If you are a visitor on a bike - even from Auckland - chances are you'll get a few friendly waves from residents of the Far North centre of Kaikohe.
That's even before you set out on a spectacular but easy 14km off-road ride through a former railway line to the one-cafe town of Okaihau, past gently rolling countryside and the large and alluring Lake Omapere.
Although times have been tough for Kaikohe for longer than most locals care to remember, the town appears more welcoming than on previous visits, when a mood of impoverished sullenness stood in contrast to the natural beauty surrounding it.
It may be an exaggeration at this early stage to credit the town's involvement with Nga Haerenga - the New Zealand Cycle Trail - for all the perceived change. Perhaps I was just getting a sympathy vote for my clapped out old yellow mountain bike.

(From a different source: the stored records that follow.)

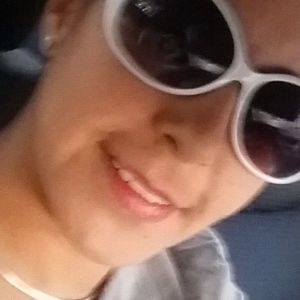 Meet your Posher, Lymaris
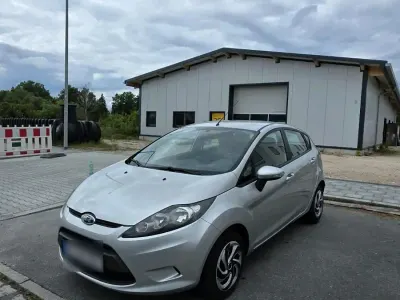 Gebraucht Ford Fiesta 60 PS (44 kW) 2009 Silber Kleinwagen
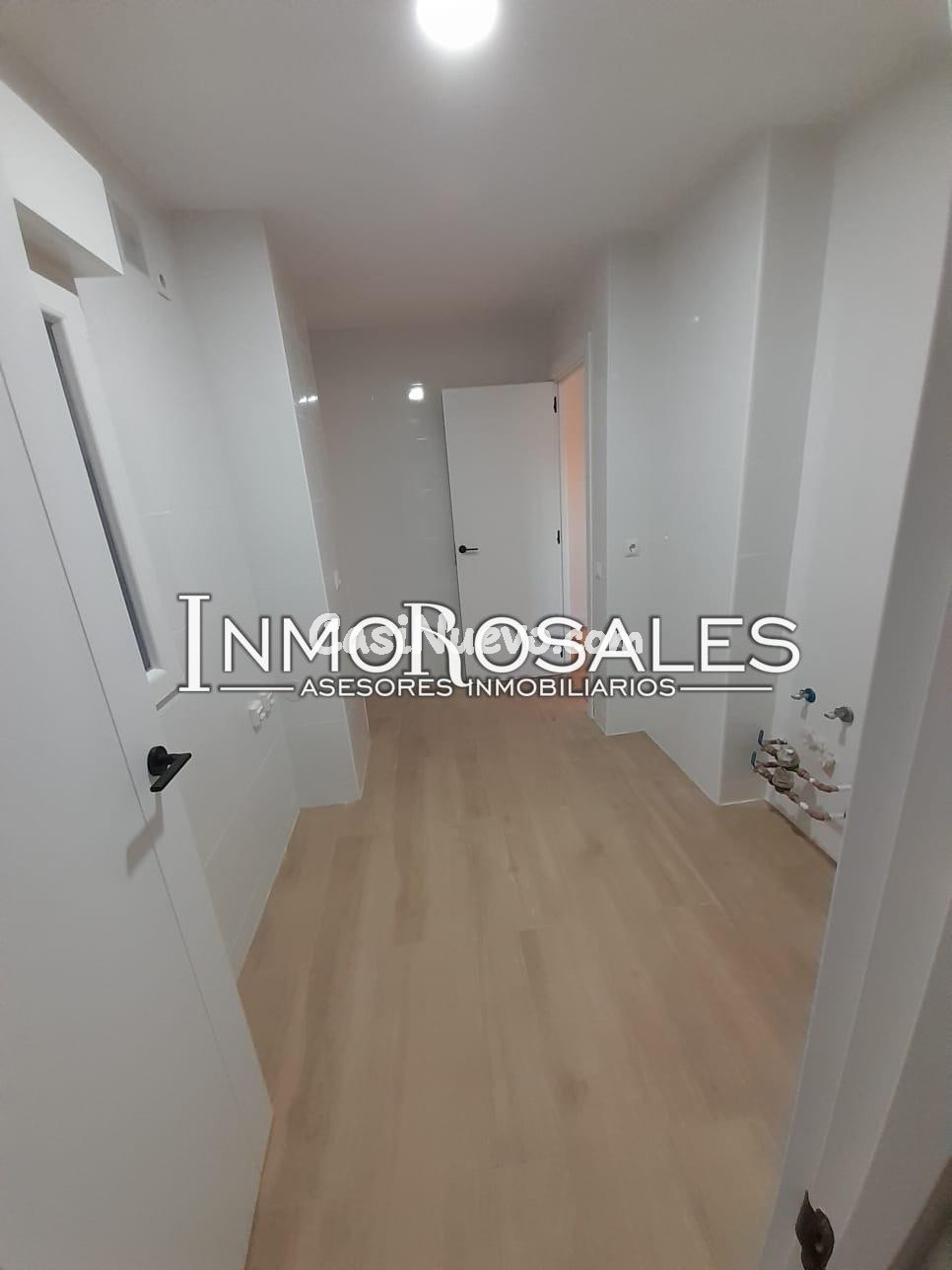 3 Dormitorios y 2 baños ASCENSOR Y VISTAS A MADRID CENTRO - foto 7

Although there were moves in the community to create a cycleway along the rail corridor before Prime Minister John Key came along with his national vision, it took us a while to find a resident who knew how to reach it.
But something - and it can't be the opening of the nearby prison - must be putting a bounce back in the town.
I got more smiles and waves than in a year of riding the unforgiving streets of Auckland. What a refreshing change!
Novelty value aside, there are signs that the cycleway - of which about 30km of an 83km link from the Bay of Islands to the Hokianga Harbour have been completed - will have an enduring impact in jobs-hungry Northland.
Work and Income labour manager Carol Barnett sees the project, on which her organisation has spent more than $650,000 on employment subsidies to supplement $4 million in construction funds, as the Far North's greatest economic lever in years.
Eighty of the 101 young people employed on it for 26-week periods under the Community Max scheme have gone on to other jobs or alternatives to the dole, and more work is being lined up to complete the trail.
Far North District Council member Tracy Dalton, who entered politics to push the project along, and trail co-ordinator Adrienne Tari hope some involved in its construction will return as guides to acquaint cycling tourists with the area's rich history.
They have also been pleased to see community planting days, and believe there is potential for marae along the way to provide cultural experiences.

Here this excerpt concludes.